===== DATA FOR THIS EXERCISE =====
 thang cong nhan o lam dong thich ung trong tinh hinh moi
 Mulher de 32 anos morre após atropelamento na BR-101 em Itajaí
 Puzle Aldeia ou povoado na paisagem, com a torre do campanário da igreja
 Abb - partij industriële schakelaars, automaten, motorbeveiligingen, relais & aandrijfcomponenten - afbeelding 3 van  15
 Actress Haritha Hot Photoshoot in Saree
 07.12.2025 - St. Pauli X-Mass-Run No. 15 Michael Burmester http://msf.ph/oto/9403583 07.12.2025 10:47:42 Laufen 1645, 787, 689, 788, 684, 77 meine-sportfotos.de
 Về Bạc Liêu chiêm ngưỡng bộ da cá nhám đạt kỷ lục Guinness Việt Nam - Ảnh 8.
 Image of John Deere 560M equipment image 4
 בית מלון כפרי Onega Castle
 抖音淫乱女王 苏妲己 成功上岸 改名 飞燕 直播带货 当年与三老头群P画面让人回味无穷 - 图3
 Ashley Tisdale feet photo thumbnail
=====
▶ YOUR TASK: Of the entries above, repeat exactly the lines from the line with "Actress Haritha Hot Photoshoot in Saree" through the line with "07.12.2025 - St.", both of them included.

▶ ANSWER AREA:
 Actress Haritha Hot Photoshoot in Saree
 07.12.2025 - St. Pauli X-Mass-Run No. 15 Michael Burmester http://msf.ph/oto/9403583 07.12.2025 10:47:42 Laufen 1645, 787, 689, 788, 684, 77 meine-sportfotos.de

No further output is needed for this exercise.